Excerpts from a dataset
=====
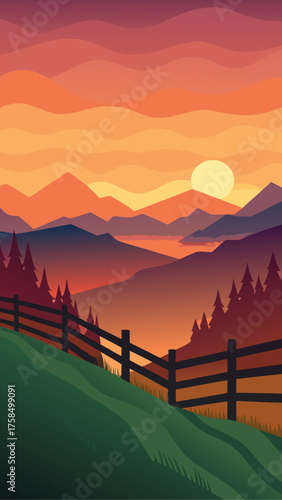 Vibrant sunset over layered mountains and a calm lake with a wooden fence in the foreground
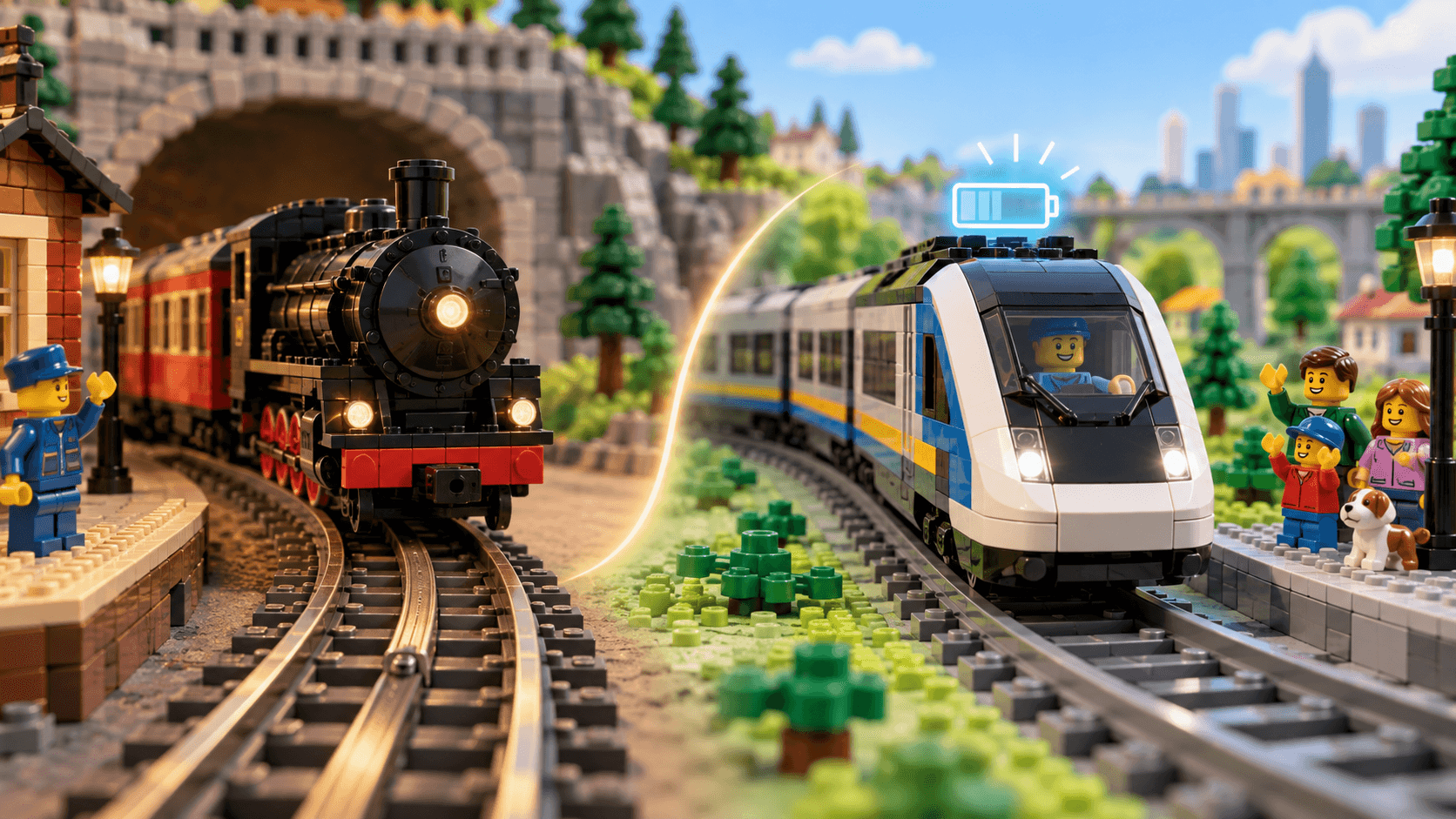 An editorial illustration split by era: on the left, an older black steam-style LEGO train on metal-looking rails; on the right, a modern battery-powered train with a small battery icon above it. It illustrates the story of power moving aboard the train, not a technical diagram of any track or connection.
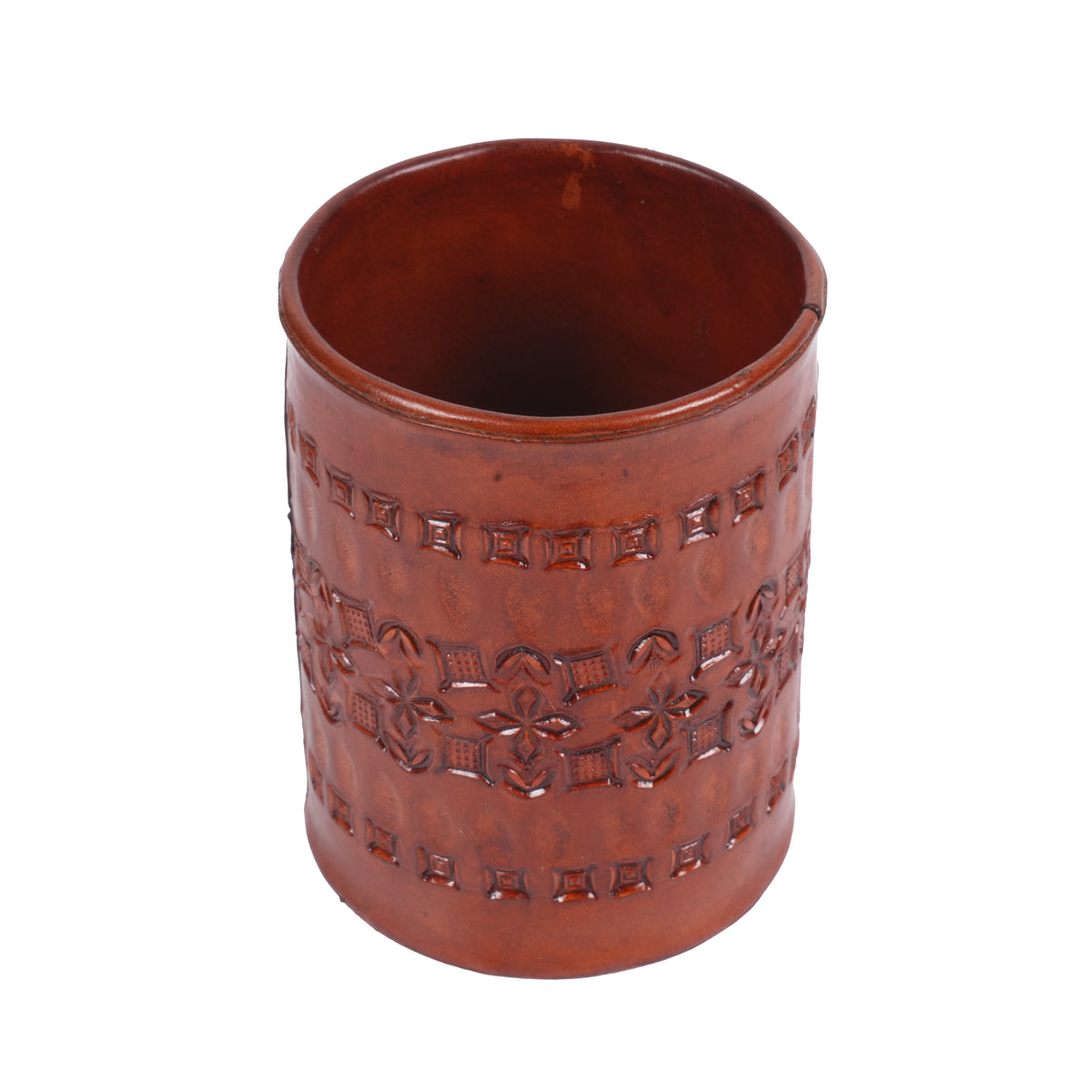 Handcrafted Embossed Leather Desk Organizer | Traditional Artisan Stationery Holder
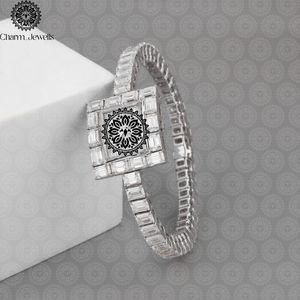 Montre de luxe pour homme Charm_Jewells en acier inoxydable avec cristaux K9, bracelet de 20 mm, design ajouré, mouvement mécanique, résistance à l'eau 10 bars - Product Image 3
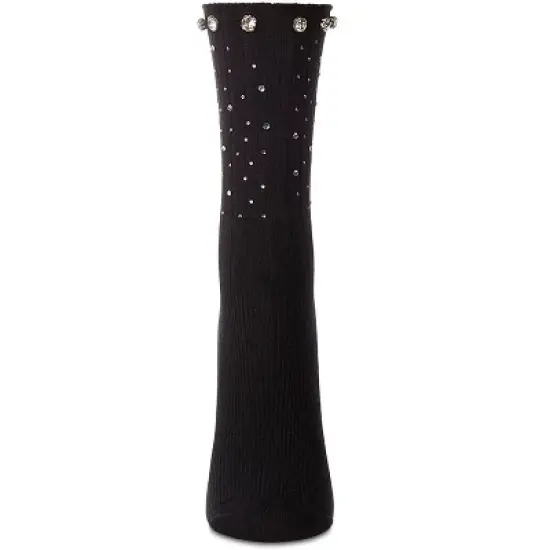 Memoi Women's Ribbed Rhinestone Studded Cotton Rich Crew Sock image {1}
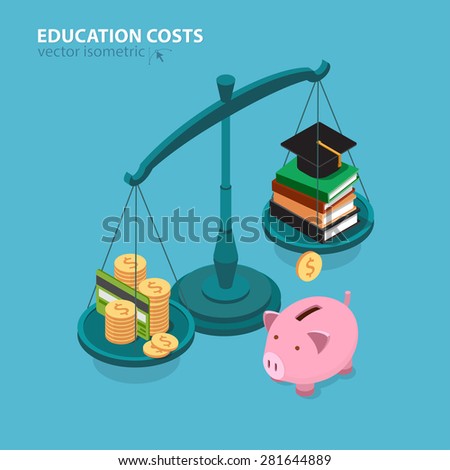 Education costs flat isometric concept. College education pricing and cost analyzing.
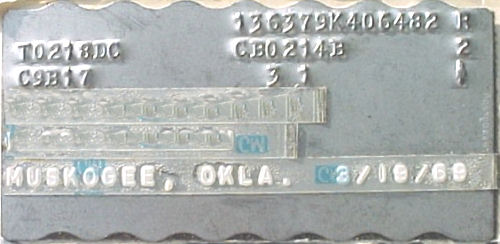 1969 Chevelle Protect-O-Plate (POP)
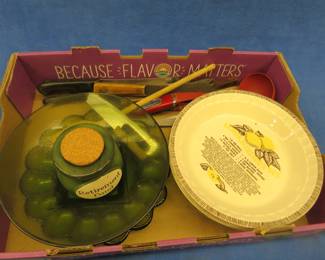 Lot 171. Knives, pie pans, and green glass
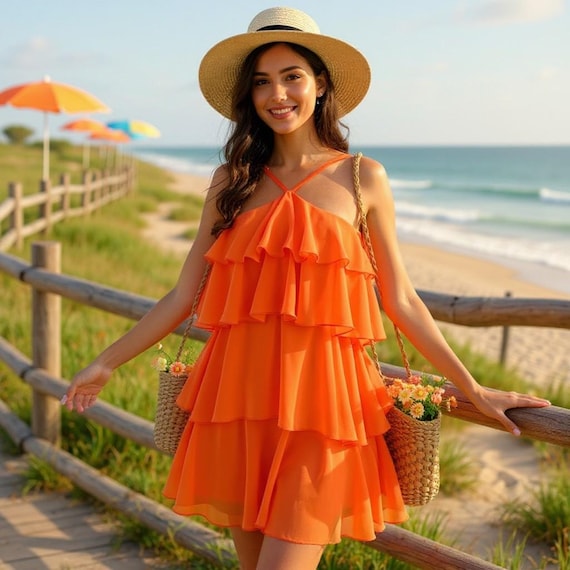 Orange Halter Ruffle Mini Dress for Women | Flowy Chiffon Summer Dress | Beach Vacation Dress | Resort Party Dress | Layered Sundress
=====
#### Exercise aim:
Print exactly the lines from the first line of the records above through the line containing "Lot 171. Knives, pie pans, and green glass", leaving out the pictures.

#### Exercise solution:
 Vibrant sunset over layered mountains and a calm lake with a wooden fence in the foreground
 An editorial illustration split by era: on the left, an older black steam-style LEGO train on metal-looking rails; on the right, a modern battery-powered train with a small battery icon above it. It illustrates the story of power moving aboard the train, not a technical diagram of any track or connection.
 Handcrafted Embossed Leather Desk Organizer | Traditional Artisan Stationery Holder
 Montre de luxe pour homme Charm_Jewells en acier inoxydable avec cristaux K9, bracelet de 20 mm, design ajouré, mouvement mécanique, résistance à l'eau 10 bars - Product Image 3
 Memoi Women's Ribbed Rhinestone Studded Cotton Rich Crew Sock image {1}
 Education costs flat isometric concept. College education pricing and cost analyzing.
 1969 Chevelle Protect-O-Plate (POP)
 Lot 171. Knives, pie pans, and green glass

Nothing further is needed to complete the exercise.